[KLUG Members] IBM ServeRAID problems

Adam Williams members@kalamazoolinux.org
29 Nov 2001 05:39:20 -0500


>I am getting some strange behavior from my IBM ServeRAID card.  Every once in a while the box locks up and filesystems on the raid channels become essentially inaccessible.  It seems to happen most frequently when I am using the DAT drive (also SCSI, but on a different, on-board SCSI channel), or starting up VMWare while other disk I/O intensive things are happening.
>Has anyone seen this kind of problem before? 

I have serveral IPS controllers.  

>Is this more likely a hardware or (ips) driver problem?  Or something else, 
>like a SCSI termination problem?

Every IPS problem I've has has boiled down to hardware.  Are you using
an IBM system?  I've noticed they conflict with other devices pretty
frequently on non-IBM systems (most of the systems I have them in). 
Otherwise they are great cards.

>Here is some system info:
>RH 7.2, Kernel 2.4.9-13
>$ cat /proc/scsi/ips/1
>IBM ServeRAID General Information:
>         Controller Type                   : ServeRAID
>         IO region                         : 0xe400 (256 bytes)

Be absolutely certain no other device is camping in this address range
(0xe400 - 0xe400 + 256 bytes).  Nose around in /proc/ioports

e400-e4ff : IBM ServeRAID-3x
  e400-e4ff : ips

This has accounted for almost all my IPS problems.  They take that
address no matter what.

>         Memory region                     : 0xde000 (8192 bytes)
>         Shared memory address             : 0xc00de000
>         IRQ number                        : 10

Same goes for this, make sure nothing else is using it.  If you have ISA
devices and your BIOS supports resource reservation use it so the IPS
doesn't land on any of the IRQ's used by ISA devices.  
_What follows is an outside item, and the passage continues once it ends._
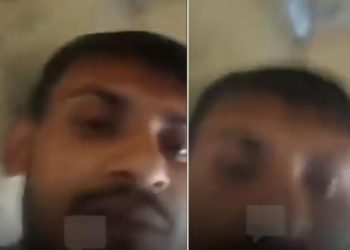 আৰক্ষীৰ বাহনতে ফেচবুক লাইভ আহি শত্ৰুক ভাবুকি কয়দীৰ, কৰ্তব্যৰত আৰক্ষীক নিলম্বন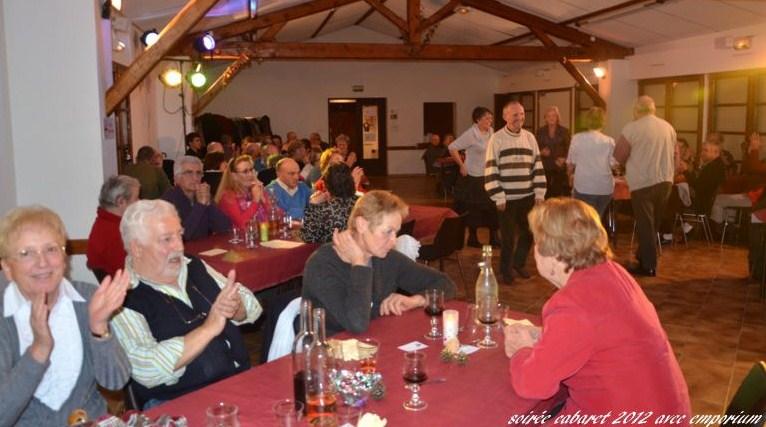 Soirée Cabaret 2012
>         BIOS Version                      : 4.80.26
>         Firmware Version                  : 2.25.01

These both look pretty current.

> Host: scsi1 Channel: 00 Id: 02 Lun: 00
>   Vendor: IBM      Model: SERVERAID        Rev: 1.00
>   Type:   Direct-Access                    ANSI SCSI revision: 02
> Host: scsi1 Channel: 00 Id: 15 Lun: 00
>   Vendor: IBM      Model: SERVERAID        Rev: 1.00
>   Type:   Processor                        ANSI SCSI revision: 02

>Yep, this all looks about the same as mine.
>An excerpt from /var/log/messages:
> Nov 28 18:50:50 linus kernel: st0: Error with sense data: Current st09:00: sense key Unit Attention
> Nov 28 18:50:50 linus kernel: Additional sense indicates Not ready to ready change,medium may have changed
> Nov 28 18:50:52 linus sshd(pam_unix)[2923]: session closed for user bhettiger
> Nov 28 18:55:35 linus kernel: st0: Error with sense data: Current st09:00: sense key Unit Attention
> Nov 28 18:55:35 linus kernel: Additional sense indicates Not ready to ready change,medium may have changed
> Nov 28 18:58:32 linus kernel: st0: Error with sense data: Current st09:00: sense key Unit Attention
> Nov 28 18:58:32 linus kernel: Additional sense indicates Not ready to ready change,medium may have changed

Would make me wonder if the SCSI bus the tape drive is on (not the IPS)
is properly terminated or is having cable-ing problems.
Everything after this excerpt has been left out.